For a moment, I did not understand what she was saying. Then it hit me. The participants articulating lofty principles were not riling against corruption as a national evil. Each one was recounting and expressing a personal hurt at having been victimized by some corrupt official or person. The assemblage looked like a real organic public gathering that was attentive to corruption as a national issue, but in actuality, it was a concatenation of corruption victims.
This insight flashed back to me when I read news reports about 100,000 Kapa Community Ministry International members rallying in General Santos City against the impending prosecution of the corporation for the continuing crime of large-scale estafa, upon orders of President Duterte. The testimonies were heartrending. Said one: “When President Duterte ordered the closure of Kapa, we cried. Kapa has helped many poor families meet their basic needs.” Other testimonies were very concrete and personal—how Kapa significantly and materially benefited its members.
The participants came from all over Mindanao, as far away as Kidapawan in Cotabato and Bislig in Surigao del Sur, where Kapa started operations in 2016. It is remarkable that in three short years, Kapa now claims a national membership of 5 million members.
The Kapa members have risen as one in protest against Kapa’s closure. It looks like a mass appeal in favor of the poor. But, given how Ponzi schemes work, the downstream investors will surely be left holding the bag. Each one of the members clamoring for the continuance of Kapa is either a frantic victim or a potential victim, hoping that he or she will get a share of the blessings before the organization becomes kaput.
Descriptions of the rally show evidence of the tantalizing material benefits that have been received by the Kapa members—flashy sports cars and SUVs among them. Kapa founder Joel Apolinario himself arrived in a helicopter. It is understandable why victims and perpetrators are willing to conspire to keep the scheme going. No one would file a complaint against Kapa.
Kapa is not the only scam to hit the poor.
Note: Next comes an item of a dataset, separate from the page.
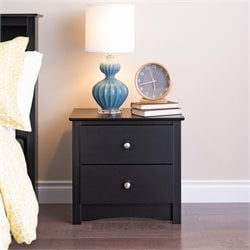 Prepac Sonoma Black 2 Drawer Nightstand 772398520131  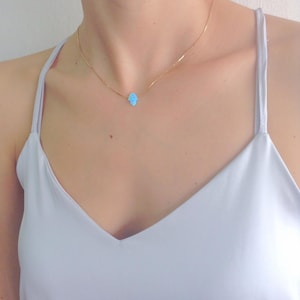 Gold Filled Opal Hamsa Necklace, Opal Gold Necklace, Blue Opal Necklace, Bridesmaid gift, Hand Kabala Necklace, Wedding Dainty Necklace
Recall that in September 2017, a similar scam was perpetrated on some 100,000 unsuspecting people who converged at the University of the Philippines Los Baños grounds, having bought tickets that supposedly entitled them to shares of the Marcos wealth. Apparently, a smog of gullibility, aided by that elixir of illusion, social media, has fallen on the land in the time of Rodrigo Duterte.
How does one warn against scams? Here we go again, frantically looking for the magic device to warn people against a novel catastrophic experience, a gullibility surge.
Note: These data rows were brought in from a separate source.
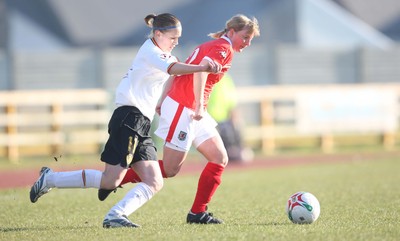 17.02.08.. Wales v Belgium, UEFA Women's Championship 2009.Jenner Park, Barry Wales' Kathryn Morgan is challenged by Janice Cayman 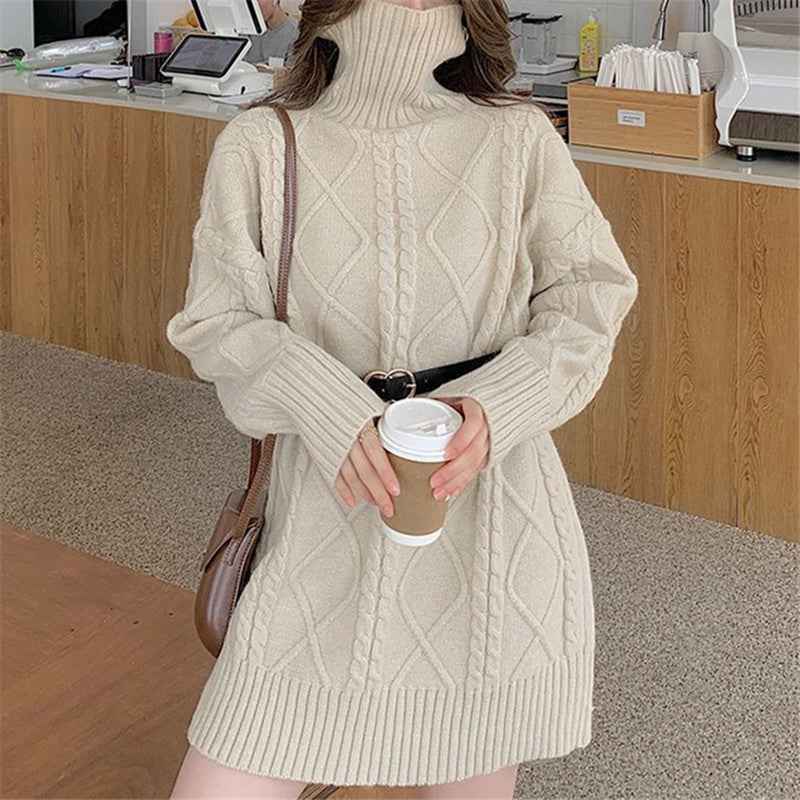 High-neck Design Cable Knit Sweater Women Autumn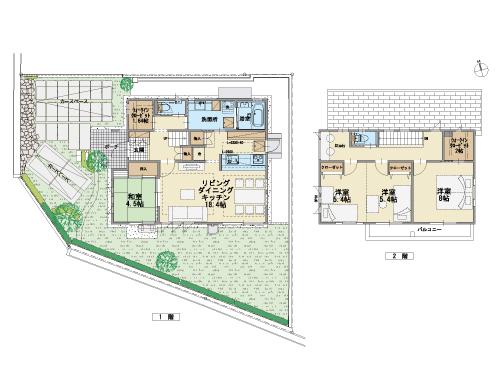 Floor plan. (22-104 No. land), Price 36,800,000 yen, 4LDK+2S, Land area 189.85 sq m , Building area 112.2 sq m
There are two levels of responses. The first one is organizational self-help and mutual help. Institutions like schools and youth and senior citizen organizations must teach critical thinking and help forewarn the poor against get-rich schemes. The second level is for government agencies like the Securities and Exchange Commission, the National Bureau of Investigation and the Philippine National Police to proactively dissipate the smog of gullibility that has engulfed this nation over the past three years.
It is a relief that Mr. Duterte has pulled the plug on Kapa. But this is rather ironic. It is no coincidence that Kapa flourished under the atmosphere of frenzied faith and hope that the election of Mr. Duterte to power engendered.
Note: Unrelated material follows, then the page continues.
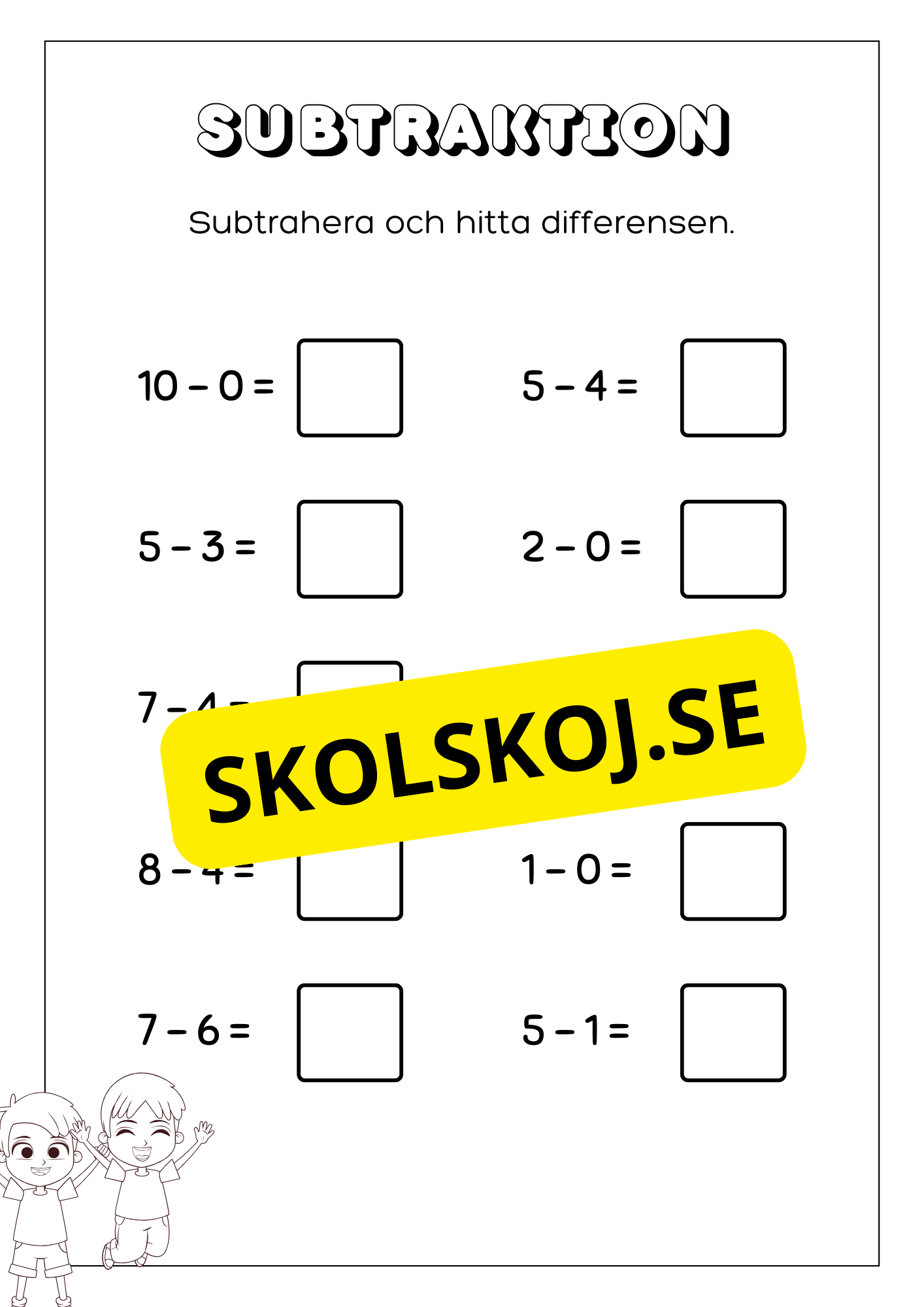 Subtraktion 0 - 10 - Förskoleklass - Årskurs 1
Joel Apolinario is a retailer of hope and faith. What has made him possible is the same smog of gullibility that gave us the national savior, Rodrigo Duterte, “the best president in the solar system.” What Joel Apolinario has proceeded to deliver at the operational, ground level are the promises of the good life with which Mr. Duterte has likewise mesmerized the whole nation.
That Mr. Duterte now indicts Kapa as a scam looks to me like the head of the snake biting its own tail. A 30-percent return on investment is no different from a promise of eradicating drugs, crime and corruption in Philippine society within six months. One is an investment scam. The other is a political one.